Первой формой жизни, как и для любого другого человека, для Витгенштейна было детство, проходившее в атмосфере литературно-музыкального салона его родителей. По всей видимости, здесь царил дух непринужденности и искренности (это слово, вероятно, можно было бы начертать не фамильном гербе Витгенштейнов — если бы таковой имелся). Во всяком случае, гостиная на Аллеегассе совсем не походила на салон Анны Павловны Шерер, с эпизода в котором начинается роман Льва Толстого «Война и мир»: там царили фальшь и напряженность. Может быть именно поэтому Витгенштейн, относившийся к Толстому как к одному из своих духовных учителей, роман «Война и мир» в своих записях не упоминает. Уж очень не похоже это начало на ту реальность, которая его окружала!
С другой стороны, можно предположить, что вечера в Пале Витгенштейн были окрашены грустью уходящей эпохи, последним живым символом которой был Иоганнес Брамс, и той напряженностью, которую создавали представители более молодого поколения экспрессионистов, музыкальным мэтром которых был Густав Малер (консервативный и необъективный Витгенштейн обожал Брамса и терпеть не мог Малера (см.: [Витгенштейн 1994d]), между тем как Малера называли Достоевским в музыке, а Достоевского Витгенштейн очень любил и ставил выше его, пожалуй, только Шекспира. Как мог Витгенштейн не чувствовать, что Достоевский — это такой же XX век, как и Малер!).
Между тем, в салоне Леопольдины Витгенштейн исполняли классическую музыку будущие великие музыкальные гении XX века, например, Бруно Вальтер и Пабло Казальс (о последнем Витгенштейн писал с симпатией [Drury 1981] ). Знаменитые «девять роялей» недаром время от времени всплывали в поздних воспоминаниях Витгенштейна.

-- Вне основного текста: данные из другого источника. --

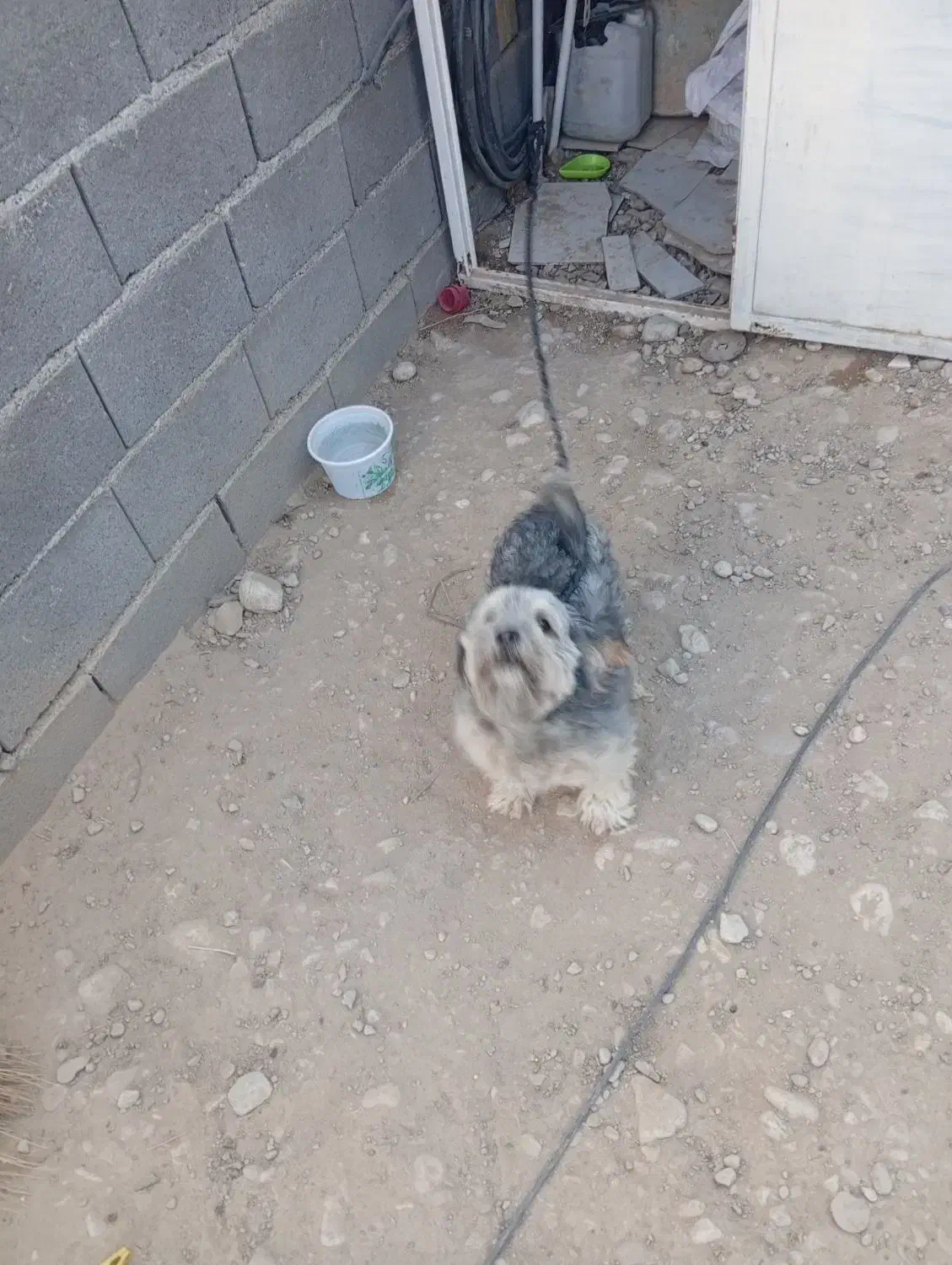 سگ پاپی خانگی|سگ|لردگان, |دیوار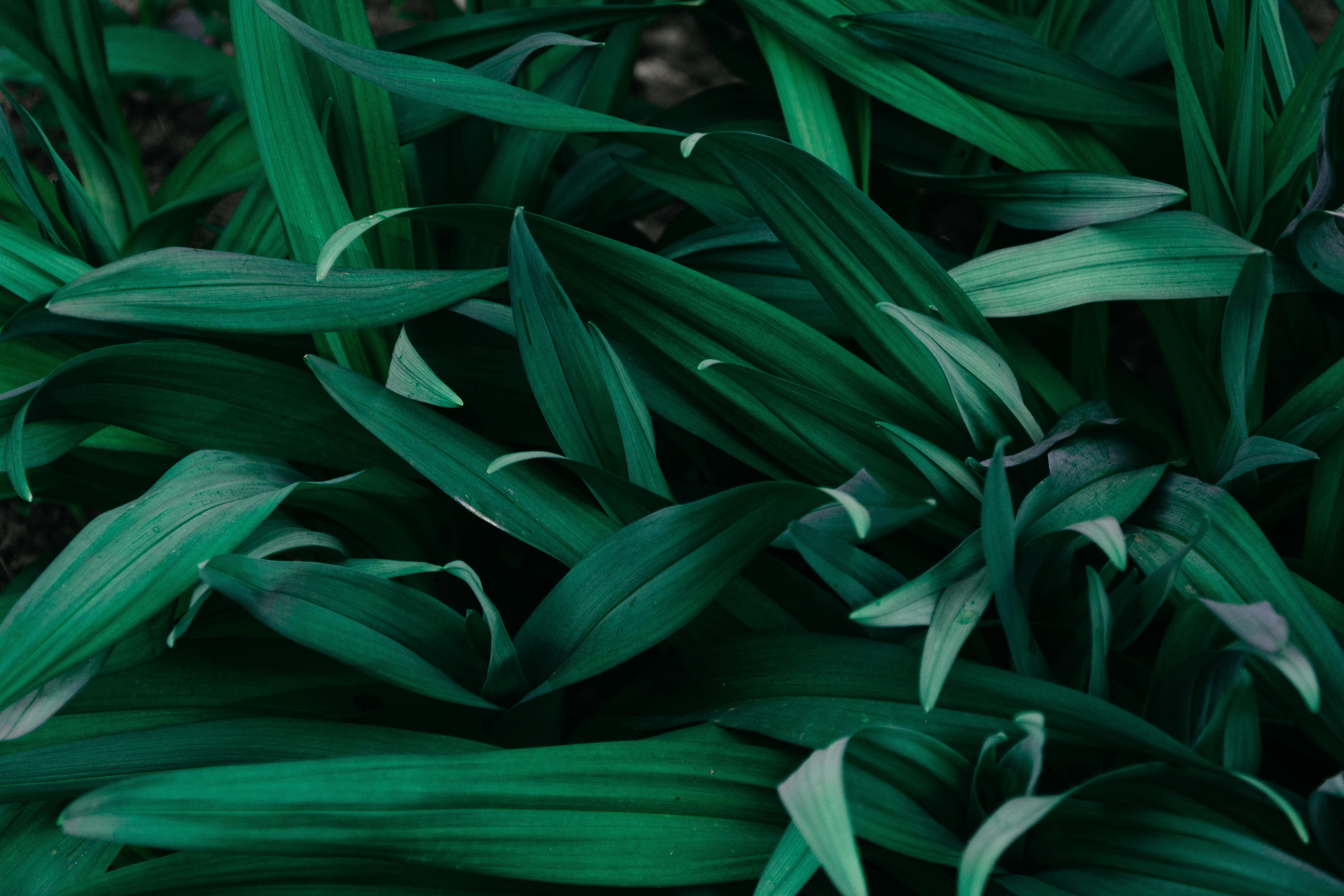 Abstract leafy background used for atmosphere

Музыкальная гостиная была основной формой жизни матери Витгенштейна — Польди. А поскольку человек она была меланхолического склада, то это добавляло, в общекультурной атмосфере пессимизма, индивидуальный облик хрупкому и несколько печальному витгенштейновскому салону, облик, который оживляли только анекдоты и шутки Карла Витгенштейна — когда он был жив, когда были живы его старшие сыновья!
Разве не похожую картину изображает Александр Блок в поэме «Возмездие» (неслучайно — и петербургской, и венской культуре начала XX века было суждено вскоре погибнуть навсегда):
На вечерах у Анны Вревской
Был общества отборный цвет.
Больной и грустный Достоевский
Ходил сюда на склоне лет. […]
С простертой дланью вдохновенно
Полонский здесь читал стихи.
Какой-то экс-министр смиренно
Здесь исповедывал грехи. […]
В салоне этом без утайки
Под обаянием хозяйки,
Славянофил и либерал
Взаимно руку пожимал…
Но ведь детство в принципе является особой формой жизни, каким бы оно ни было, счастливым («золотым»), или мрачным. Детство Витгенштейна не было ни тем и ни другим. Есть гении, которые проявляют свою гениальность с самого раннего детства: ярчайший пример — Вольфганг Моцарт или столь любимый Витгенштейном Феликс Мендельсон. Гениальность Витгенштейна проявилась только тогда, когда он появился в 1911 году в Кембридже, то есть сравнительно поздно — в 22 года.
Не будем при этом забывать, что детство Витгенштейна проходило в такой культурной атмосфере, когда сам феномен детства коренным образом пересматривался Фрейдом и его школой. Фрейд доказал, что детство, считавшееся до него самым безоблачным временем в жизни человека, является на самом деле наиболее тяжелым, эмоционально нагруженным и несчастливым временем жизни.